Beyond Semantics: Rediscovering Spatial Awareness in Vision-Language Models
Jianing Qi, Jiawei Liu, Hao Tang, Zhigang Zhu
TL;DR
The paper investigates why vision-language models struggle with spatial reasoning despite access to spatial cues. It identifies embedding-norm mismatch between vision and text tokens as a key mechanism that suppresses RoPE-based positional sensitivity, supported by token-norm analyses and residual-stream observations. It introduces an interpretability toolkit (PSI, CMB, RoPE probe) and a synthetic 2DS benchmark to diagnose spatial usage and test interventions. It demonstrates that simple, principled changes—vision embedding normalization and incorporating intermediate visual features—restore spatial sensitivity and improve geometry-aware tasks, offering concrete design guidance for multimodal transformers.
Abstract
Vision Language Models (VLMs) excel at identifying and describing objects but often fail at spatial reasoning. We study why VLMs, such as LLaVA, underutilize spatial cues despite having positional encodings and spatially rich vision encoder features. Our analysis reveals a key imbalance: vision token embeddings have much larger norms than text tokens, suppressing LLM's position embedding.
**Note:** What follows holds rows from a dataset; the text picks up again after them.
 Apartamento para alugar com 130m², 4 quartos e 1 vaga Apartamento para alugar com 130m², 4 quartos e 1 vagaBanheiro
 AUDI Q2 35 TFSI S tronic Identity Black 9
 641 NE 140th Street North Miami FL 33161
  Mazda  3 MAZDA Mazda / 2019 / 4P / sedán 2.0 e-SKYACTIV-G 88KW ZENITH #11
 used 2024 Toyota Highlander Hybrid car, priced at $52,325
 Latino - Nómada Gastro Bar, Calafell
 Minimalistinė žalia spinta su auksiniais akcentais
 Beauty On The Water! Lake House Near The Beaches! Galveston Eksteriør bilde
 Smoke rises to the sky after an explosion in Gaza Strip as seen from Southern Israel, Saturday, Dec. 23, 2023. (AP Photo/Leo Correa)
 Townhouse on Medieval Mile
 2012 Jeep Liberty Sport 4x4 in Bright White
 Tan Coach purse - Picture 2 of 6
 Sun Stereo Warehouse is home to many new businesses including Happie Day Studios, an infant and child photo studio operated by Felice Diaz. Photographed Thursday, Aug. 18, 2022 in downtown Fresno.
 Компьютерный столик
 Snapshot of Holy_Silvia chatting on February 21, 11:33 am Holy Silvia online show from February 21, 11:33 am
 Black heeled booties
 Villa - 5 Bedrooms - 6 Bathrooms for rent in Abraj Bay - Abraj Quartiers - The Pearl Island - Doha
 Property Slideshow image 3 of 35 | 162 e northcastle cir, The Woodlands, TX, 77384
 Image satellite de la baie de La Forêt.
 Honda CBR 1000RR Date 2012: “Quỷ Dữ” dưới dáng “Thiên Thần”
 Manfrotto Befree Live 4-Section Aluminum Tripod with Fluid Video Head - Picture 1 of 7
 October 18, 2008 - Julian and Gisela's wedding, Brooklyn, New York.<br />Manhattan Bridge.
To expose this mechanism, we developed three interpretability tools: (1) the Position Sensitivity Index, which quantifies reliance on token order, (2) the Cross Modality Balance, which reveals attention head allocation patterns, and (3) a RoPE Sensitivity probe, which measures dependence on rotary positional embeddings. These tools uncover that vision tokens and system prompts dominate attention. We validated our mechanistic understanding through targeted interventions that predictably restore positional sensitivity. These findings reveal previously unknown failure modes in multimodal attention and demonstrate how interpretability analysis can guide principled improvements.